*** Opening of Records for this task ***

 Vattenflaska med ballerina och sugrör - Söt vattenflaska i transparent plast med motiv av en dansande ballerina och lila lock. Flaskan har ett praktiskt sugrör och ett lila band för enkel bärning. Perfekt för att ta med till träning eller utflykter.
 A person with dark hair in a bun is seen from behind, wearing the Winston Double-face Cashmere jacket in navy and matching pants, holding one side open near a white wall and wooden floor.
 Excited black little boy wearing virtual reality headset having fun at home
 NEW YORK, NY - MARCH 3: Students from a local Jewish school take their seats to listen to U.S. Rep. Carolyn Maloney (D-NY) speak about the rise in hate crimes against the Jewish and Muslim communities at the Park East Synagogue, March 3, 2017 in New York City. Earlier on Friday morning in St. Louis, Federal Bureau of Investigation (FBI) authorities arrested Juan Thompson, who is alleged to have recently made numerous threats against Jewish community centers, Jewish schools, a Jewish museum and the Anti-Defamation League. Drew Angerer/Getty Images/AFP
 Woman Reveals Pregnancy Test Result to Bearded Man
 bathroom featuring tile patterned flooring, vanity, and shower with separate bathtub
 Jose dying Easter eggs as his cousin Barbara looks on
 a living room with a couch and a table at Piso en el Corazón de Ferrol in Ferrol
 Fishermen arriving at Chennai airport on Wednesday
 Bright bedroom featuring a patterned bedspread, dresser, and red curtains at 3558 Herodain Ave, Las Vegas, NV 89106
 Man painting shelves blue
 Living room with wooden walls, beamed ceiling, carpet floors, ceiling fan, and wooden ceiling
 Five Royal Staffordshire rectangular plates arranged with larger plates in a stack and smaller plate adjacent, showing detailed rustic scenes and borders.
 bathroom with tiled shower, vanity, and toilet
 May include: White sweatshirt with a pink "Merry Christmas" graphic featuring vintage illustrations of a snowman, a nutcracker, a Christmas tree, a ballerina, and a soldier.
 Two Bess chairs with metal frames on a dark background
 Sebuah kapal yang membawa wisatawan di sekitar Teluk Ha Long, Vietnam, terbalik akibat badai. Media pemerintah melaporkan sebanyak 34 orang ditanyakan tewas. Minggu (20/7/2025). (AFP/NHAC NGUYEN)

*** Close of Records for this task ***

Problem requirements: Going back over the entries above, copy word for word every line from the one that has "A person with" on through the one that has "a living room".

Reply to the exercise:
 A person with dark hair in a bun is seen from behind, wearing the Winston Double-face Cashmere jacket in navy and matching pants, holding one side open near a white wall and wooden floor.
 Excited black little boy wearing virtual reality headset having fun at home
 NEW YORK, NY - MARCH 3: Students from a local Jewish school take their seats to listen to U.S. Rep. Carolyn Maloney (D-NY) speak about the rise in hate crimes against the Jewish and Muslim communities at the Park East Synagogue, March 3, 2017 in New York City. Earlier on Friday morning in St. Louis, Federal Bureau of Investigation (FBI) authorities arrested Juan Thompson, who is alleged to have recently made numerous threats against Jewish community centers, Jewish schools, a Jewish museum and the Anti-Defamation League. Drew Angerer/Getty Images/AFP
 Woman Reveals Pregnancy Test Result to Bearded Man
 bathroom featuring tile patterned flooring, vanity, and shower with separate bathtub
 Jose dying Easter eggs as his cousin Barbara looks on
 a living room with a couch and a table at Piso en el Corazón de Ferrol in Ferrol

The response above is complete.